### Activity
Copy out each record that follows exactly, and omit any picture you find.

### Data extracts
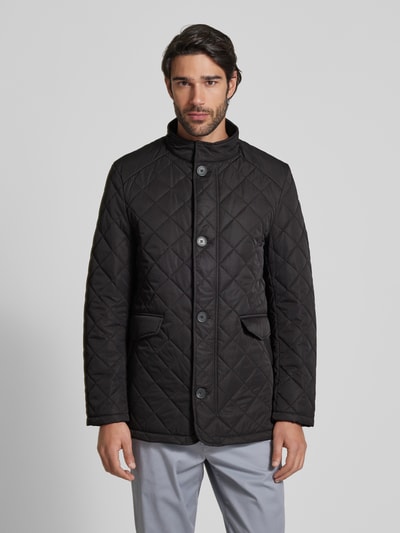 Christian Berg Men Steppjacke mit Pattentaschen Black 4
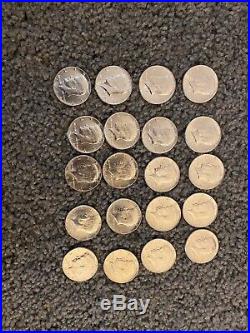 Roll Of 20 $10 Face Value 90% Silver 1964 Kennedy Half Dollars Uncirculated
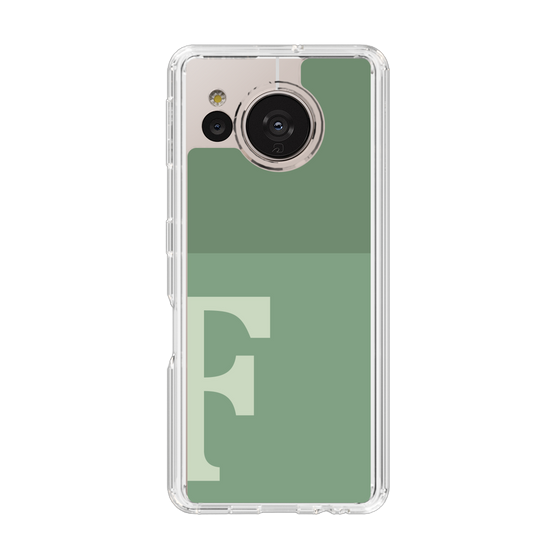 Slim Protection Case［ Original - initial two tone - F green ］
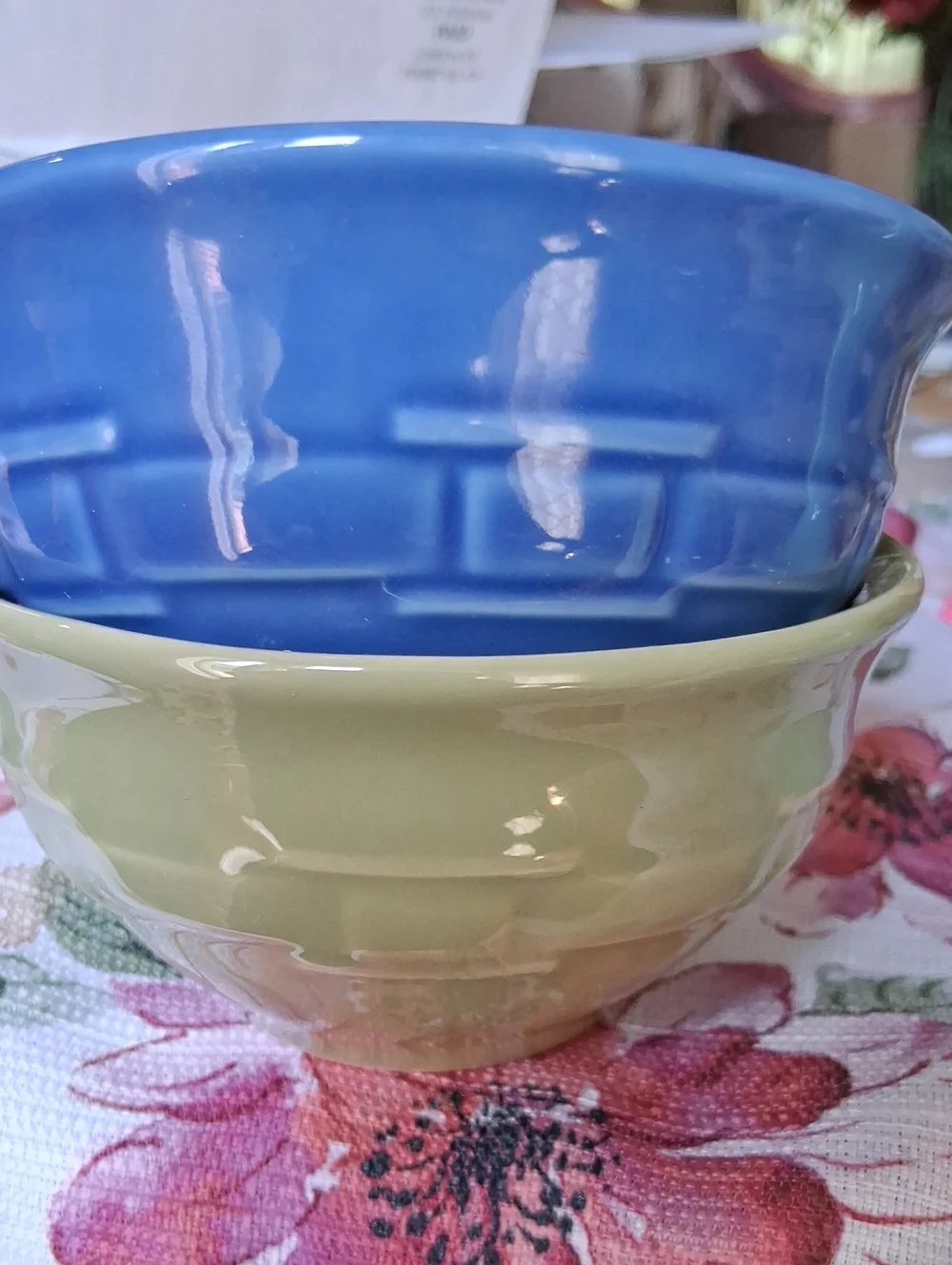 Longaberger Pottery Woven Traditions Set Of 4 Dessert Bowls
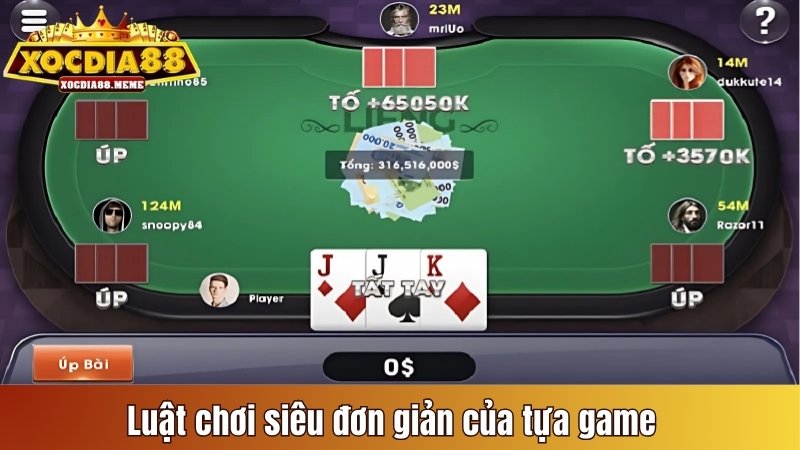 Luật chơi siêu đơn giản của tựa game Liêng Xocdia88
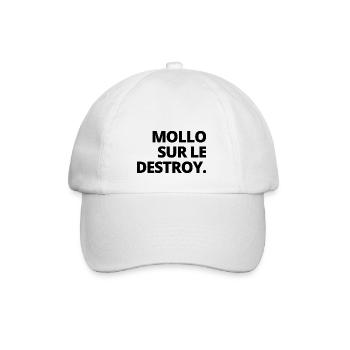 Modèle Mollo Sur Le Destroy Fun Motif - Casquette classique - blanc/blanc - Devant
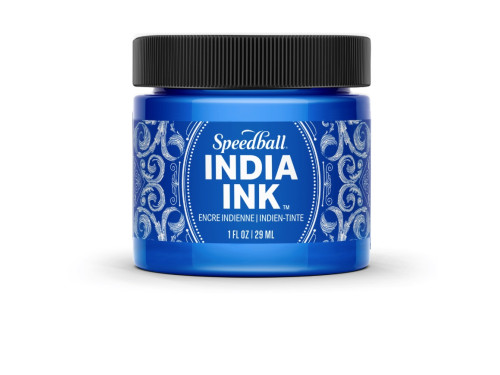 Tusz do kaligrafii India Ink - Speedball - Sapphire 29 ml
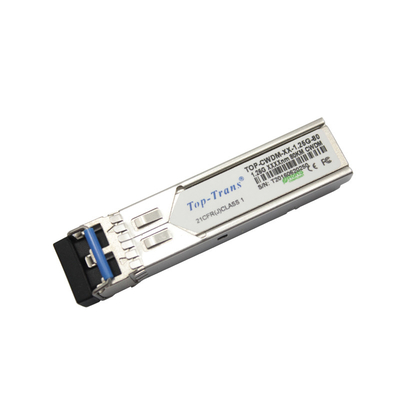 โมดูลรับส่งสัญญาณ SFP 1.25g ตัวเชื่อมต่อไฟเบอร์ออปติก LC 80Km Fast Ethernet Single Mode
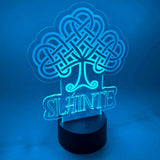 Slainte LED Lamp | Irish & Scottish "Cheers" & Health Light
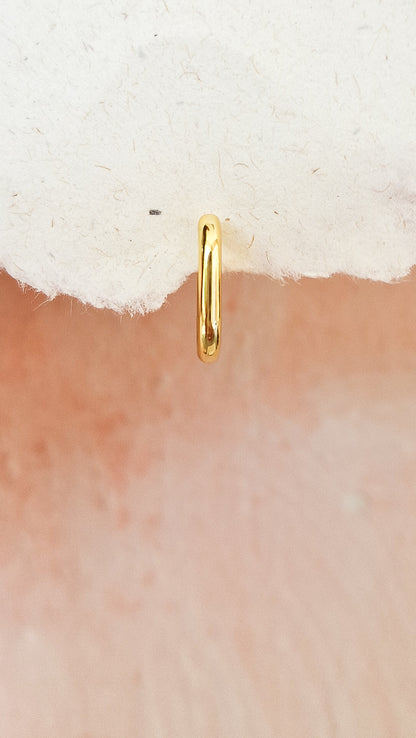 Small oval rounded oorbel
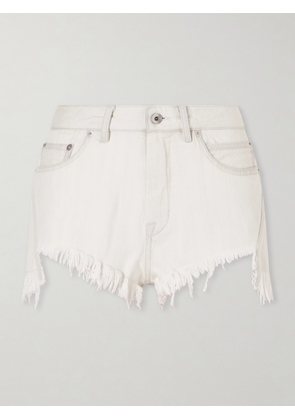 Rick Owens - Frayed Denim Shorts - White - 25,26,27,28,30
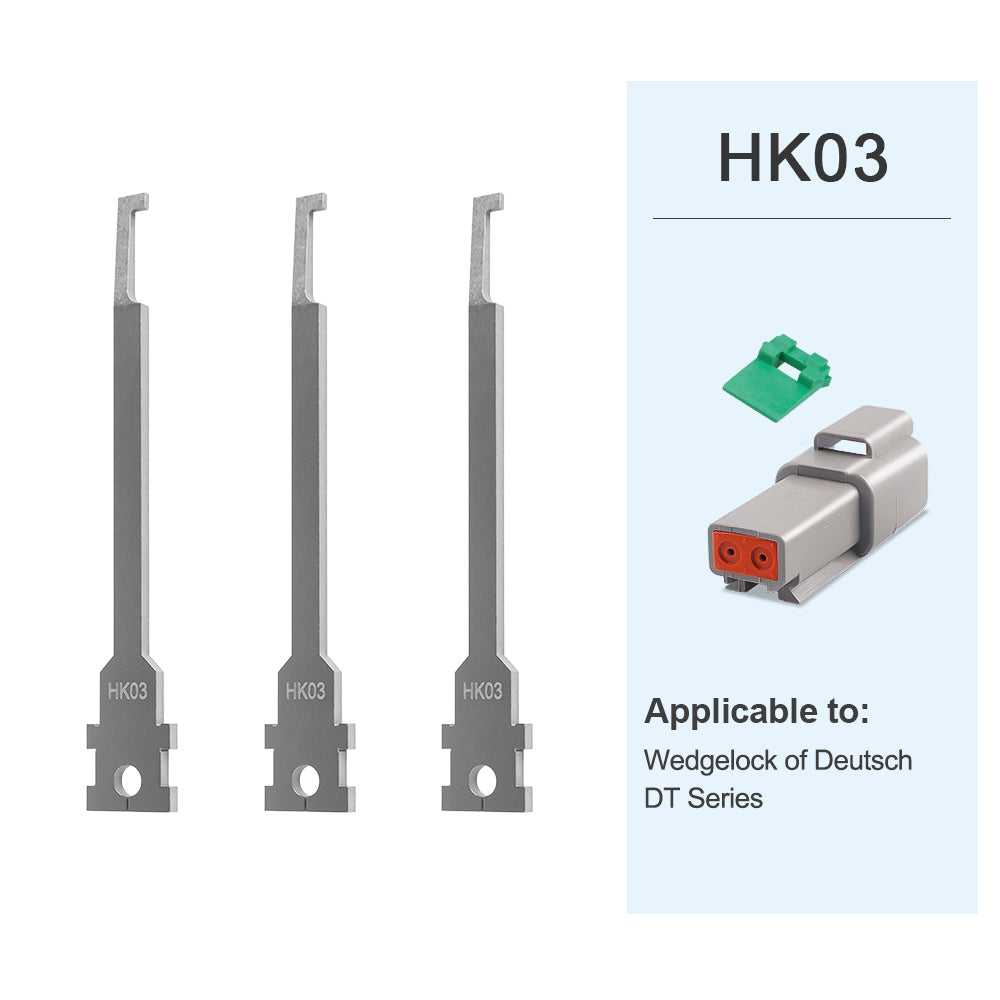 Buy over 2 sets small tip kit(3pcs) and handles, 50%off Discount-JRready Replacement Tip Kit for Extraction Tool for Deutsch,AMP/TE,Molex,Delphi,JST,Harting Connectors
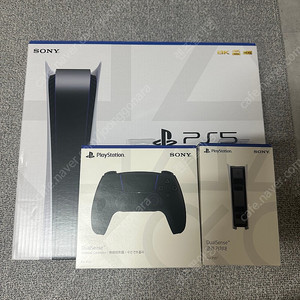ps5 디스크버전+추가패드+충전기+플스기프트3만원권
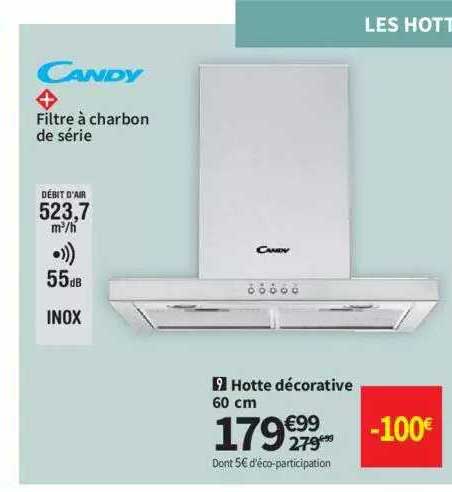 hotte décorative 60 cm candy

### Answer section
 Christian Berg Men Steppjacke mit Pattentaschen Black 4
 Roll Of 20 $10 Face Value 90% Silver 1964 Kennedy Half Dollars Uncirculated
 Slim Protection Case［ Original - initial two tone - F green ］
 Longaberger Pottery Woven Traditions Set Of 4 Dessert Bowls
 Luật chơi siêu đơn giản của tựa game Liêng Xocdia88
 Modèle Mollo Sur Le Destroy Fun Motif - Casquette classique - blanc/blanc - Devant
 Tusz do kaligrafii India Ink - Speedball - Sapphire 29 ml
 โมดูลรับส่งสัญญาณ SFP 1.25g ตัวเชื่อมต่อไฟเบอร์ออปติก LC 80Km Fast Ethernet Single Mode
 Slainte LED Lamp | Irish & Scottish "Cheers" & Health Light
 Small oval rounded oorbel
 Rick Owens - Frayed Denim Shorts - White - 25,26,27,28,30
 Buy over 2 sets small tip kit(3pcs) and handles, 50%off Discount-JRready Replacement Tip Kit for Extraction Tool for Deutsch,AMP/TE,Molex,Delphi,JST,Harting Connectors
ps5 디스크버전+추가패드+충전기+플스기프트3만원권
 hotte décorative 60 cm candy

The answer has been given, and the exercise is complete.